*TASK DETAILS:* Reproduce precisely the lines of the material below from the line containing "64240FC021OE SUBARU FORESTER" up to and including its last line. Pictures must not be copied.

####################

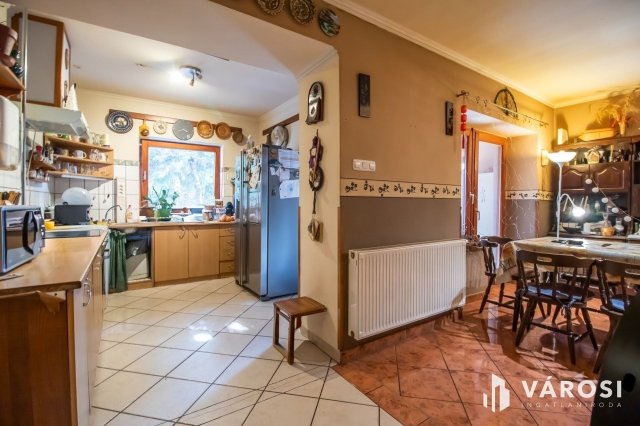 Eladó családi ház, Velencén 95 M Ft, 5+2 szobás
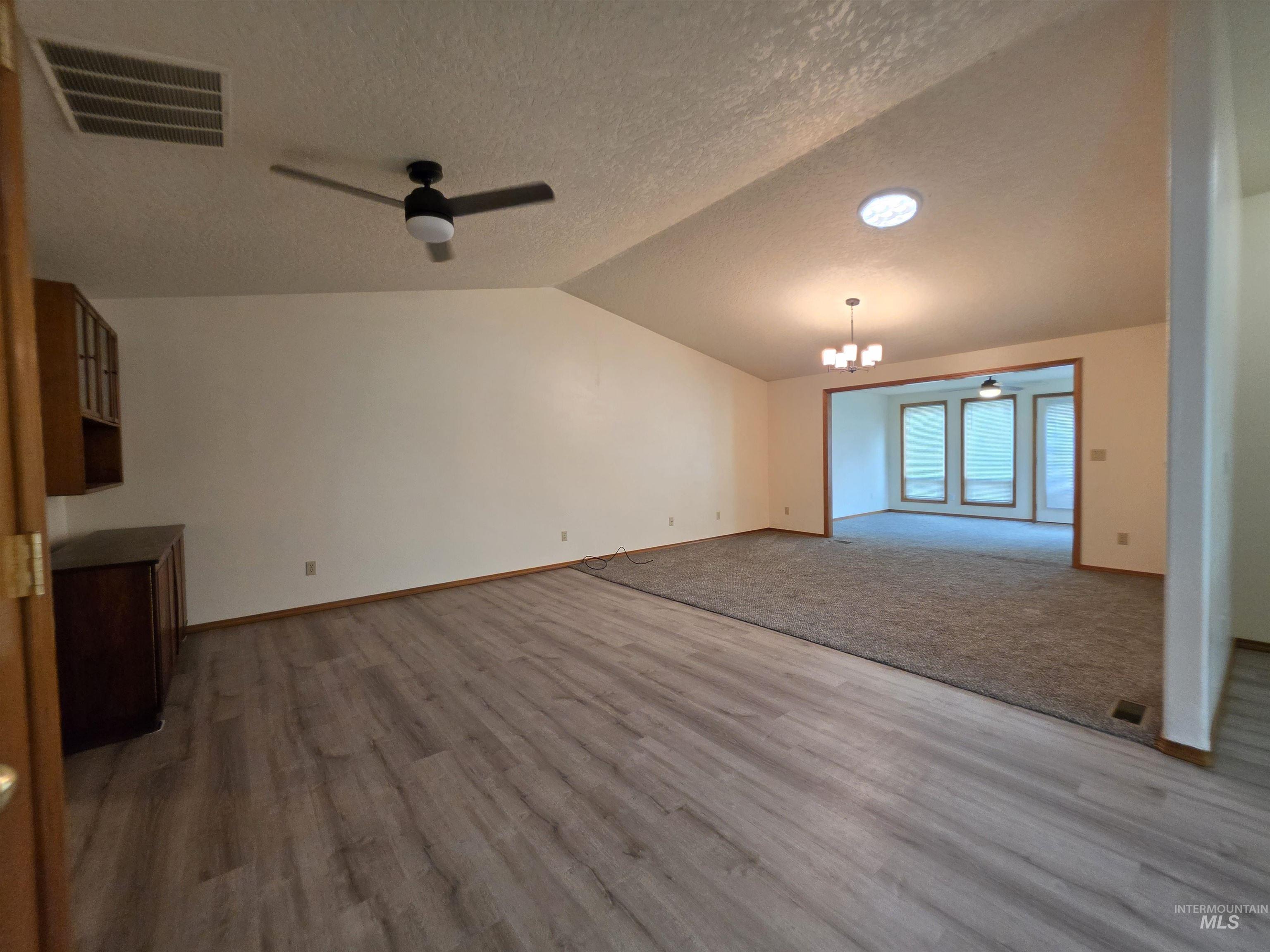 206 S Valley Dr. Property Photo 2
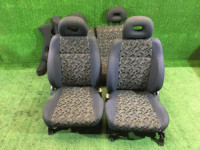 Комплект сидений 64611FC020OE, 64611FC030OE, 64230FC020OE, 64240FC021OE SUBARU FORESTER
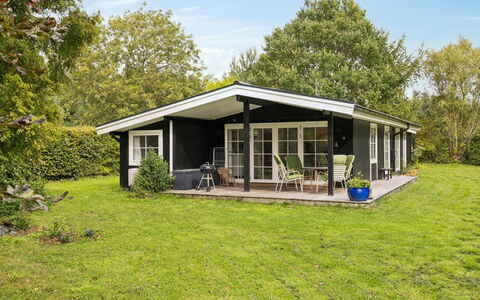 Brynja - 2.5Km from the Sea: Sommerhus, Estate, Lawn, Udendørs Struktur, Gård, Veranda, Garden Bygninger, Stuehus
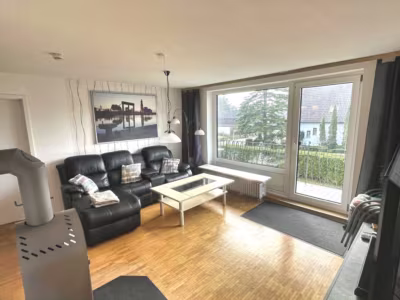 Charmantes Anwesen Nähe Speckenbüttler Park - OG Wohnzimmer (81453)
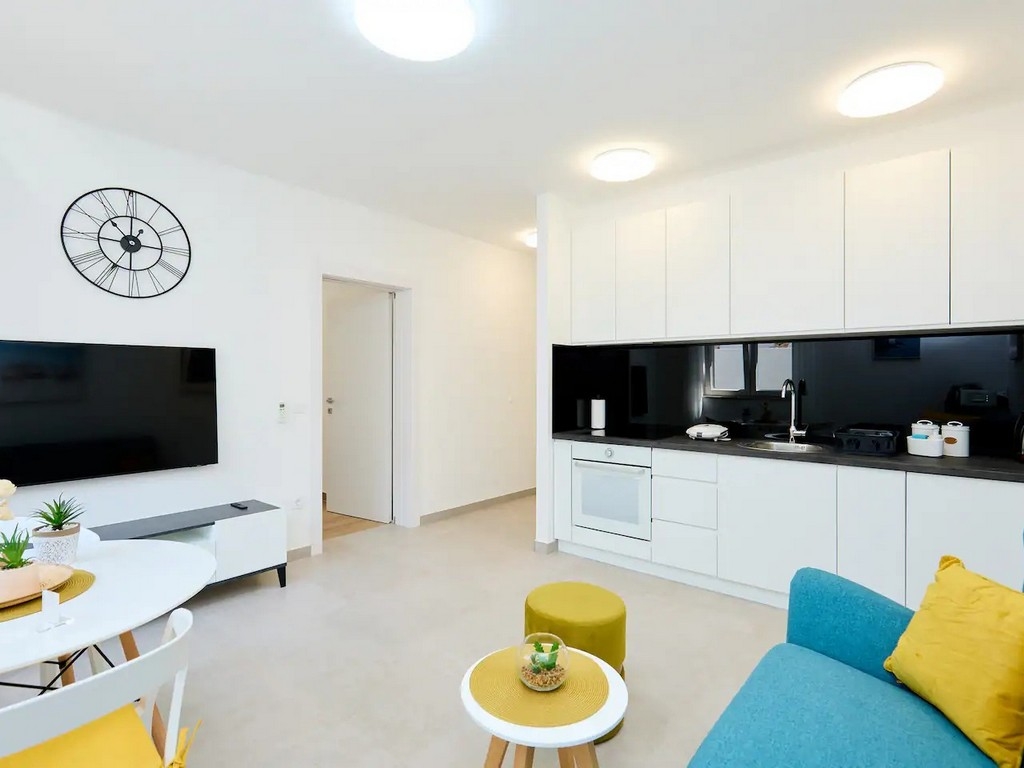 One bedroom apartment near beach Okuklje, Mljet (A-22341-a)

####################

*REPLY:*
 Комплект сидений 64611FC020OE, 64611FC030OE, 64230FC020OE, 64240FC021OE SUBARU FORESTER
 Brynja - 2.5Km from the Sea: Sommerhus, Estate, Lawn, Udendørs Struktur, Gård, Veranda, Garden Bygninger, Stuehus
 Charmantes Anwesen Nähe Speckenbüttler Park - OG Wohnzimmer (81453)
 One bedroom apartment near beach Okuklje, Mljet (A-22341-a)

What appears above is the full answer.